Quant à moi, je n’avais pas d’autres choix que de m’éclipser en Algérie. Sur place, j’ai commencé par contacter Chadli Benjdid, que je connaissais depuis l’époque de la résistance. Ma première mission consistait à préparer les passages sûrs à la frontière entre les deux pays. Je devais faire de la reconnaissance de terrain pour assurer les déplacements le long de la frontière entre le Maroc et l’Algérie. J’étais en contact avec Fqih Basri, mais il n’y avait aucun projet de coup d’Etat, ni de révolution. Malgré le travail effectué au niveau des frontières, je n’étais pas convaincu que l’option de la révolution pouvait être d’une quelconque utilité, mais assurer les frontières était une chose nécessaire dans tous les cas. En Algérie, des commissions ont été créées pour gérer le cas des «réfugiés» marocains qui commençaient à affluer dans ce pays. Je supervisais leur orientation et leur organisation en prévision de ce qui pourrait arriver. A Alger, je m’étais entretenu avec Ahmed Ben Bella. Depuis, les responsables de l’UNFP me considéraient comme leur représentant en Algérie. Dans le même temps, Fqih Basri avait commencé à mettre en place une organisation armée à l’intérieur du Maroc, à partir de ses contacts avec quelques officiers militaires et résistants, en plus des membres du parti. Puis il a effectué une visite au Moyen-Orient en 1962, où il avait fait connaissance avec deux officiers syriens, Daniel et Qanout, présentés comme des spécialistes des coups d’Etat. Ils lui ont dit qu’il devait se procurer un plan du palais royal, ensuite connaître avec précision les déplacements du roi. Basri est ensuite revenu du Moyen-Orient très enthousiaste.
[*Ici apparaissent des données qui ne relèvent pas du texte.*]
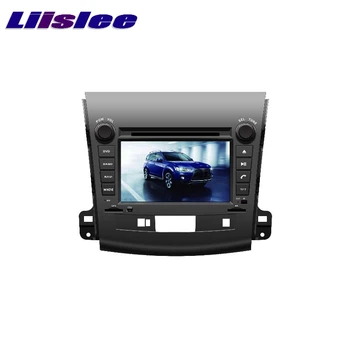 За Mitsubishi Outlander 2006 ~ 2012 LiisLee Автомобилен Мултимедиен телевизор DVD GPS Аудио Hi-Fi Стерео Радио Оригинален Стил Навигация NAV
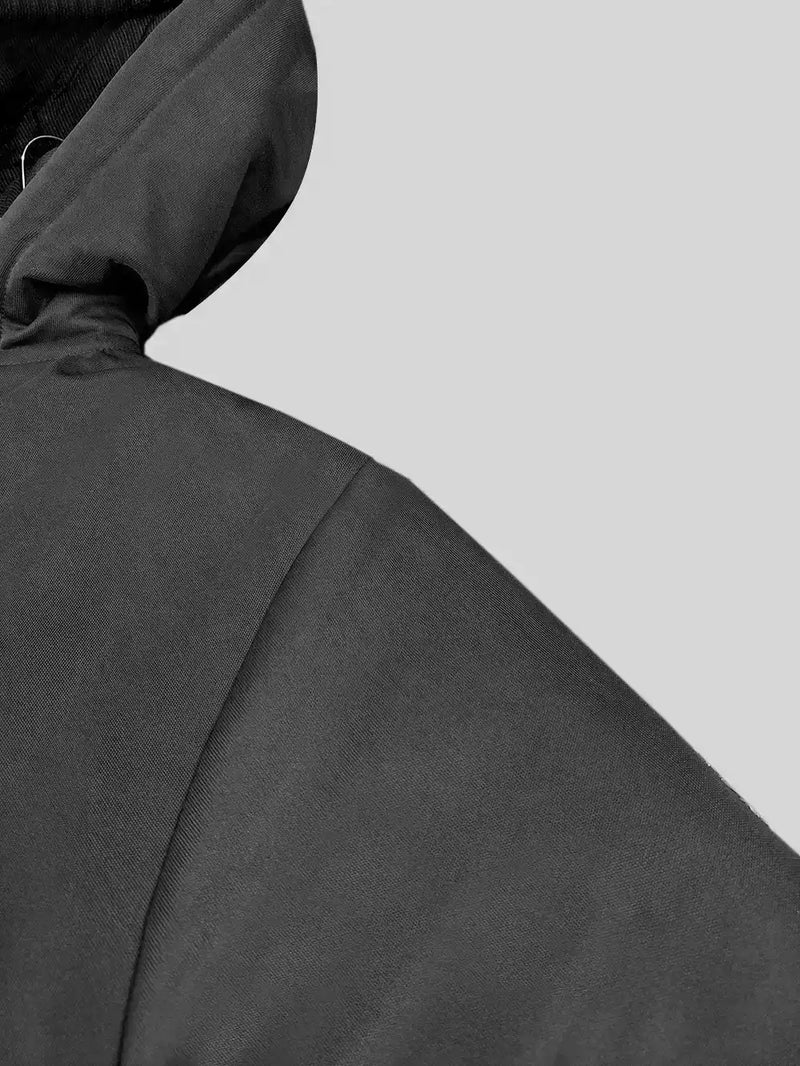 Payper Zipper Winter Jacket For Men-Black-PH01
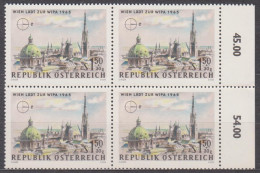 1964 , Internationale Briefmarkenausstellung WIPA 1965 , Wien ( Mi.Nr.: 1168 ) (6) 4-er Block Postfrisch ** - Unused Stamps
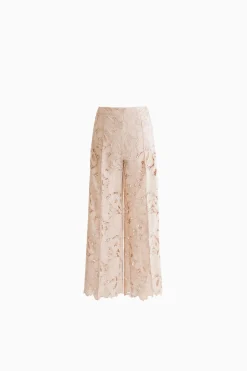 Pantaloni in pizzo macrame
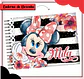 Arquivo de Corte Etiqueta Escolar e Encadernação Volta às Aulas Minnie Vermelha - Thumbnail 5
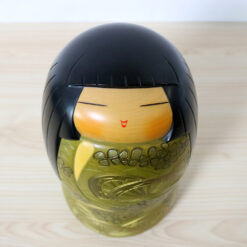 Yoshida Takashi Vintage Kokeshi Doll Tamayura Hair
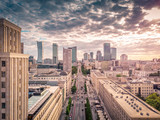 Warszawa z lotu ptaka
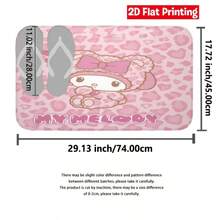 Sanrio My Melody Pink Heart Pattern Bathroom Set (Includes 1 Shower Curtain, 1 Bath Mat, 1 Toilet Lid Cover) 4-Piece Set, Combines Bathroom Decoration And Privacy Protection Functions - Shower Curtain and Bath Mat - View 9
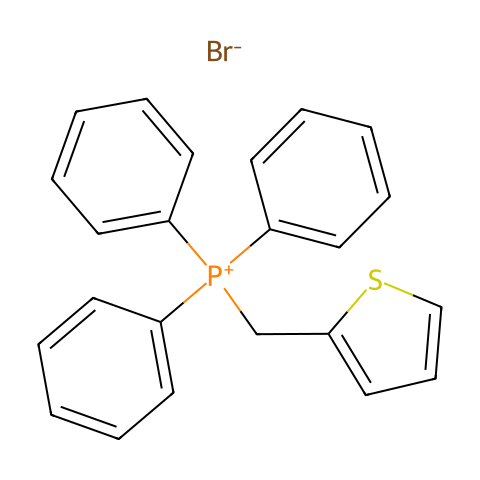 三苯基(2-噻吩基甲基)溴化膦结构图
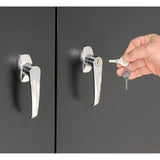 Global Industrial Assembled Storage Cabinet, 48x24x78, Black Global Industrial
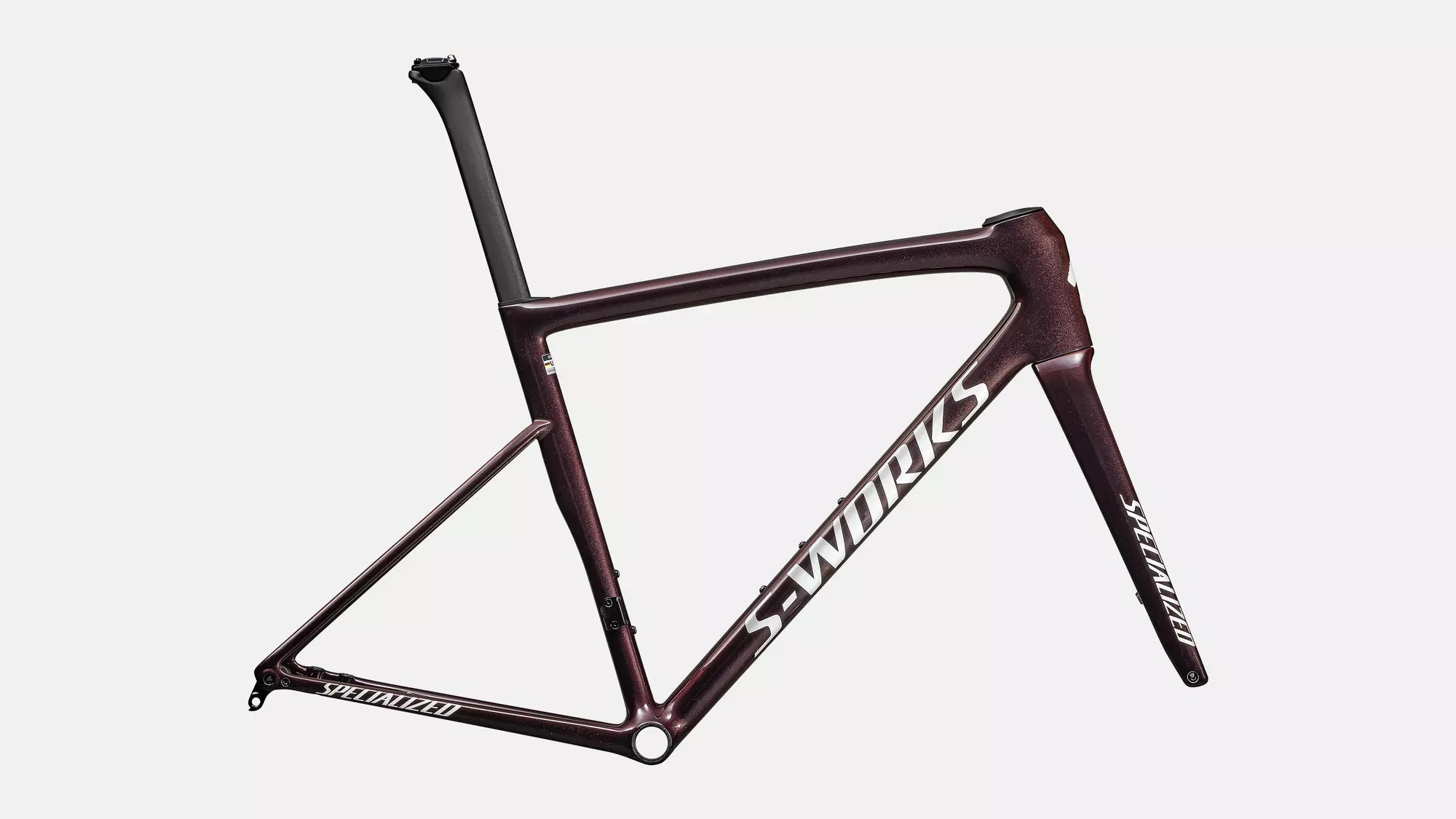 S-WORKS Tarmac SL8 Rahmenset | gloss solidity/red to black pearl/metallic white silver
En préparation du 2ème congrès du parti tenu en 1962, il a invité officiellement les deux officiers à venir au Maroc pour y assister.
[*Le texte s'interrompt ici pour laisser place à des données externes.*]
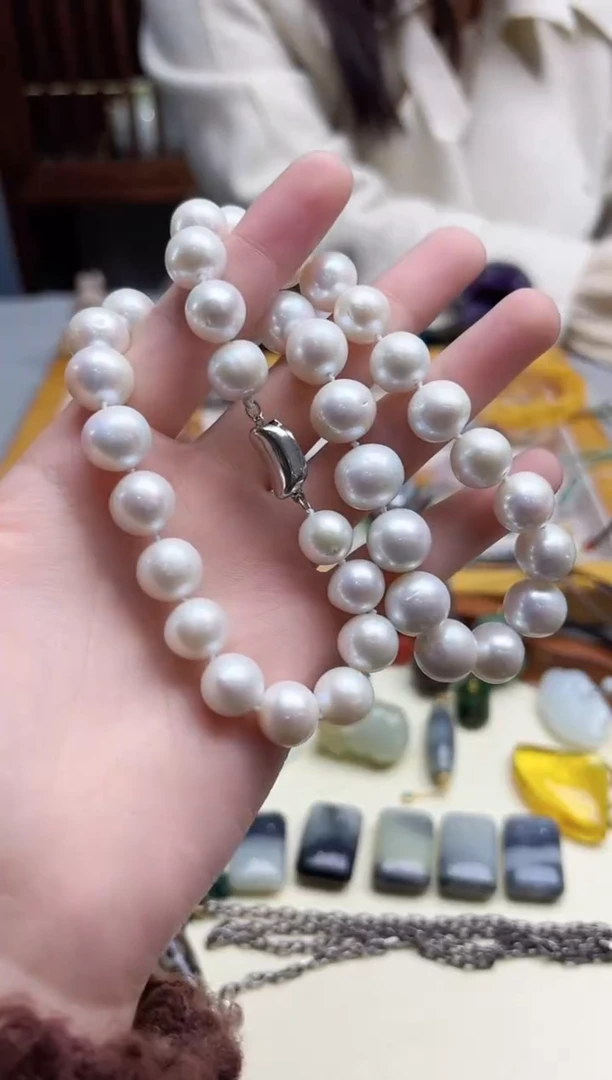 颈饰未镶嵌淡水珍珠珍珠项链12mm+ZD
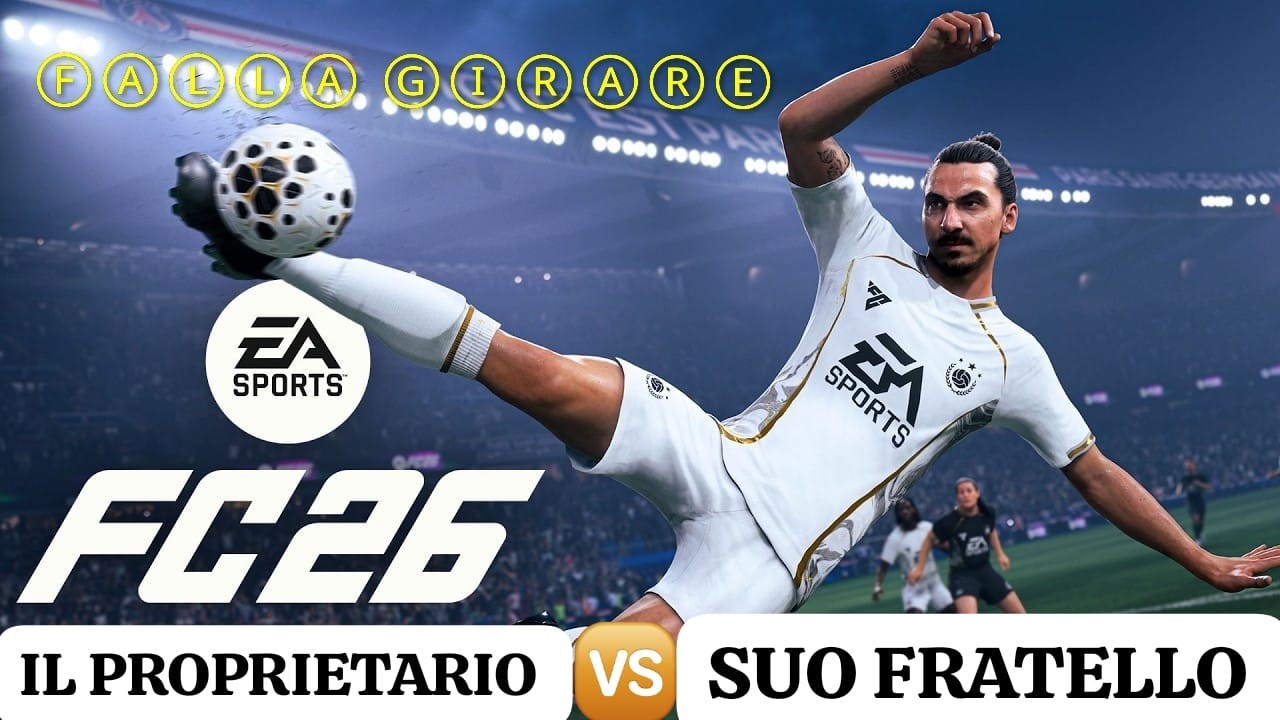 FC 26 Falla Girare Il proprietario VS Suo fratello!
J’ai appris que Fqih Basri coordonnait avec Ben Barka, Youssoufi et Abderrahim Bouabid. Omar Benjelloun aussi. Tous étaient avec lui dans la tentative de 1963. Benjelloun a été dépêché à Oujda dans un camion destiné à ramener les armes que je devais envoyer de l’Algérie, d’après ce que m’a rapporté Benjelloun lui-même par la suite. En revanche, Abdellah Ibrahim était catégorique dans le refus de toute tentative entachée de violence. Même chose en ce qui concerne Mahjoub Benseddik, qui avait tenu un congrès de l’UMT pour annoncer que leurs revendications étaient syndicales uniquement, et non pas politiques. J’avais tranché à l’époque que la révolution n’allait pas résoudre les problèmes du Maroc».